The initial cool down process can take four to six hours. You should turn the refrigerator on the day before you plan to leave, and before you put any food in it. When you do load the refrigerator the food you put in should already be cold, and the food put in the freezer should already be frozen. Putting cold food in the refrigerator, rather than adding warm food, lets the refrigerator work less to cool down. One common mistake made is to over pack the refrigerator. There has to be space between the foods to allow for air to circulate throughout the compartment. In most situations you will have access to a store where you can buy food. A two to three day supply should be enough.
To assist with air circulation you can purchase an inexpensive, battery operated refrigerator fan. Put the batteries in and place the fan in the front of the refrigerator compartment blowing up. The fan will improve the efficiency by circulating the air and it will reduce the initial cool down time by 50%.

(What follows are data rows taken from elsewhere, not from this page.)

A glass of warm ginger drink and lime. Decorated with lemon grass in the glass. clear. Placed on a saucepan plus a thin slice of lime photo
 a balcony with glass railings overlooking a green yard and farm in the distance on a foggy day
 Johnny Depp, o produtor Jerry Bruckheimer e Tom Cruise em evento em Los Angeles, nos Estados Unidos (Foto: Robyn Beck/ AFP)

The outside temperature also affects the operation and efficiency of your RV refrigerator. When it’s cold out you can lower the temperature setting and when it’s hot out you can raise the setting. Some refrigerators are preset by the manufacturer. Extremely hot weather will directly affect the refrigerators efficiency. When it’s really hot outside try parking your RV with the side the refrigerator is on in the shade. Periodically inspect and clean the refrigerator door gaskets. Check them for a good seal. Place a dollar bill behind the seal and close the door. It should stay there and not drop. When you try to pull it out there should be some resistance felt. Do this in several different places and have any damaged seals replaced.
Try to limit the amount of times you open the refrigerator or freezer doors and the length of time you leave the doors open. Last but not least you should always have a small thermometer in the food compartment. Food can begin to spoil at temperatures above 40 degrees.
RV absorption refrigerators do a great job for RVers. They will do an even better job, and last longer, if we apply these simple tips to make their job easier and less demanding.